From the cover, you might gather that Daughter is the story of Sena, one of the eight-foot tall, super-intelligent test tube creations of the brilliant Dr. Frederick R. Hyatt. It is, but only tangentially. Rather, it is really the account of Maurice St. George, the “best-adjusted” of the mutants, known as “tetras” for their tetraploidal genetic make-up (having four pairs of chromosomes instead of two like “normal” diploid people).
Resentful of the unrestrained acrimony and discrimination the tetras endure at the hands of the diploids, he secretly plots a rebellion. By furtively training a tetra army in the guise of training them in a new, giants-only football league, and through the creation of reactionless drives converted into deadly beams, St. George creates a powerful fifth column. A lone spark would ignite a powder keg of interracial war: the murder of Dr. Hyatt. Sena’s role is a minor one–as one of the few tetra females, St. George has tapped her to be the mother of a new generation of giants, with or without her consent!

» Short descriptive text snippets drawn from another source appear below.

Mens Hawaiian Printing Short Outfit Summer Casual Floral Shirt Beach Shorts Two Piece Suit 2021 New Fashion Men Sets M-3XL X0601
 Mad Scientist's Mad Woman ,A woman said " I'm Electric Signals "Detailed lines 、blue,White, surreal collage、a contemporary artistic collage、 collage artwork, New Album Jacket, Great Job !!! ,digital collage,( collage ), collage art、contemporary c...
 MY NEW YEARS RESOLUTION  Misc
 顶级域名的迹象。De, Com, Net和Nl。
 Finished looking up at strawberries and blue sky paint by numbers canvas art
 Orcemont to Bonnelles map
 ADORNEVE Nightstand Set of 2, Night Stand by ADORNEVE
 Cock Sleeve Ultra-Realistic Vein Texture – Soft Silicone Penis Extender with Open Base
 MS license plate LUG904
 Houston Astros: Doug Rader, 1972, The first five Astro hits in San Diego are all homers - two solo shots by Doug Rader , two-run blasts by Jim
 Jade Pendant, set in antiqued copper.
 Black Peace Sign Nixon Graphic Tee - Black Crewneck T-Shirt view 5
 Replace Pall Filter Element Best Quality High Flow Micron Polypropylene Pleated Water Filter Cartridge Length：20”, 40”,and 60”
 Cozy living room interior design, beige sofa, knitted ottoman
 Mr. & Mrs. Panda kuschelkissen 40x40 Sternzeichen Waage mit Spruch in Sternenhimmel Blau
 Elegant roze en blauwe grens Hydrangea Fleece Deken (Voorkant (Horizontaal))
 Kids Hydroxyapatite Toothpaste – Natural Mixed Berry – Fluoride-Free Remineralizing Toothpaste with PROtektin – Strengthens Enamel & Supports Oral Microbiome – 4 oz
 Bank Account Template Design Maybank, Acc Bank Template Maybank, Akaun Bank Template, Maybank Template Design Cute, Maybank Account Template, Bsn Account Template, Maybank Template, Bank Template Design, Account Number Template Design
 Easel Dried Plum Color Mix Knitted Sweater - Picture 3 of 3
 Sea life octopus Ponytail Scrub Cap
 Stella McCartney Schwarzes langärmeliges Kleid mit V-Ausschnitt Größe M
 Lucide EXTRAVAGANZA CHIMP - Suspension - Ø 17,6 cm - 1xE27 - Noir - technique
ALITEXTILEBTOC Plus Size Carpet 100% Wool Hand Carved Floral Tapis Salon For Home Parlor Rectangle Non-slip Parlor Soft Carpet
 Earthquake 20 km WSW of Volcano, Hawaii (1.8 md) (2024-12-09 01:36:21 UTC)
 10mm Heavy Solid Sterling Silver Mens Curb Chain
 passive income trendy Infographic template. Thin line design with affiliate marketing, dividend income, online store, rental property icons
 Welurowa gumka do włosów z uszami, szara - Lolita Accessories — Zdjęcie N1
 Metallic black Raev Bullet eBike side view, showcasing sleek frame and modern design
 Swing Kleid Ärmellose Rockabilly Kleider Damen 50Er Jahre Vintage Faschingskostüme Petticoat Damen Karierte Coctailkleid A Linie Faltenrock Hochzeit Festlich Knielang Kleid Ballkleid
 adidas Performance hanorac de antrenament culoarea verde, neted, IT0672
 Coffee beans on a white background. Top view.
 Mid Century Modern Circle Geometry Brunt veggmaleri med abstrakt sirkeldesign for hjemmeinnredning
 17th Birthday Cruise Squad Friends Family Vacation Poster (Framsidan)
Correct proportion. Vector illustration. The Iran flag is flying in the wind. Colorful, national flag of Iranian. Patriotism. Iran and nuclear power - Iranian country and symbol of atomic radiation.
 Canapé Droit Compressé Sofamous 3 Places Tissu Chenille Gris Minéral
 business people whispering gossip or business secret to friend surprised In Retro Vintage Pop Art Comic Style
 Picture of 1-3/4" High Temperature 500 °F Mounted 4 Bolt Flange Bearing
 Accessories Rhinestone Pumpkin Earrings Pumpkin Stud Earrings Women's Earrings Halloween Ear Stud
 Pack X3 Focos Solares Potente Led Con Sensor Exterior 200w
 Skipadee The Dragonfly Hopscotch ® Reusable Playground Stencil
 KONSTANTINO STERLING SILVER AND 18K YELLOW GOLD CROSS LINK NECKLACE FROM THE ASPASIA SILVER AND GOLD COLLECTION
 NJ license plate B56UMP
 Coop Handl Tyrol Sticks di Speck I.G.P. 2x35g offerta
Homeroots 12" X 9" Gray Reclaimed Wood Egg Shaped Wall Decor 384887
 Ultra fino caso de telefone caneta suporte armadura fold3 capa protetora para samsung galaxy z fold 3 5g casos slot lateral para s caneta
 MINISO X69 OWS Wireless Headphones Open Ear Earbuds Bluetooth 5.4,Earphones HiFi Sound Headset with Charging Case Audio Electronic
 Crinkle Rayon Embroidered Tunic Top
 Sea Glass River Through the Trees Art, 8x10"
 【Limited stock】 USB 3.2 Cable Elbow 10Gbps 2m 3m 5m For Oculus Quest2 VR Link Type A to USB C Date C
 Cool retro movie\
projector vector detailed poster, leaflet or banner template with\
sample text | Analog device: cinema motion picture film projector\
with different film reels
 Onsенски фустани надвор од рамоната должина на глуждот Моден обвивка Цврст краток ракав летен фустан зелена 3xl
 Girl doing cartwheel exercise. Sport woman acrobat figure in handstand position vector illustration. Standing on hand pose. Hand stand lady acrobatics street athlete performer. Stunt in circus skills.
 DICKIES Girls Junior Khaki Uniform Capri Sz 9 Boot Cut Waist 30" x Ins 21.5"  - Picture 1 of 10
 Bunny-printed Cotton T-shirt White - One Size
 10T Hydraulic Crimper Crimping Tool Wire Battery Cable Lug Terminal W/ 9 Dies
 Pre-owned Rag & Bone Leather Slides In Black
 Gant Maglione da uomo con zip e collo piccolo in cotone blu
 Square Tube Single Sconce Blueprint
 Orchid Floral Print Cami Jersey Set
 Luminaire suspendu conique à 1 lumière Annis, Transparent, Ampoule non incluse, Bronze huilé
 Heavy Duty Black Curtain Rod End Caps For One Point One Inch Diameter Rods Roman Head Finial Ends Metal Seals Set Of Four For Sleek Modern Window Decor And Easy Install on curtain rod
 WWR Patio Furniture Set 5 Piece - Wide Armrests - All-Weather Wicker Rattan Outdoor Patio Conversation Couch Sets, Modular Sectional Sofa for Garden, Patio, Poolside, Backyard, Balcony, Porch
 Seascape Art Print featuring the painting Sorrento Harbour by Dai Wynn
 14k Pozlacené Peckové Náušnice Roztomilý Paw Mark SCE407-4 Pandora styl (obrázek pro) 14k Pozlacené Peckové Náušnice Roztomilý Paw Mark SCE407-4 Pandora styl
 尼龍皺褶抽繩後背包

Daughter is an uneven book in a lot of ways. Half of it originally appeared almost a decade ago as the novella, Beanstalk; I can only imagine that the prior story contained all of the basic plot, and that the novel simply provides expansion. Otherwise, it would be incomprehensible.
Regardless of subsequent embellishments, Daughter is fundamentally an old story, and it feels dated. Society in the book’s early 21st Century feels just like the early ’50s with the addition of the friction created by the tetras. The viewpoint is third-person omniscient, and we shift characters frequently and jarringly. While Blish occasionally offers up a clever turn of phrase, he also litters the text with overlong and awkward scientific exposition. The science itself is dodgy. Basically, the thing reads like a serial from a lesser digest (which, spiritually, it is). This is a shame because the subject matter is fascinating, even if Blish just scratches the surface, and there are moments of genuine quality.
For instance, the references to the previous mini-rebellion, the Pasadena incident that left two dozen tetras immolated alive in their cross-shaped compound. Or the excellent court scene in which a brilliant attorney provides a stirring defense for the tetra falsely accused of Dr. Hyatt’s killing. Or the scenes in which we get glimpses of the two-way resentment and mistrust between the two tribes of humanity, ancient and newborn. It is tantalizing to think what might have been if Sturgeon or Henderson had made a more nuanced pass at the issue–or even a completely present-day Blish, using his current, superior skills to try again from scratch.
Instead, Daughter is somewhat engaging but ultimately unfulfilling pulp that pendulums from super-science to action-adventure. I look forward to someone someday taking Daughter’s theme and doing it right.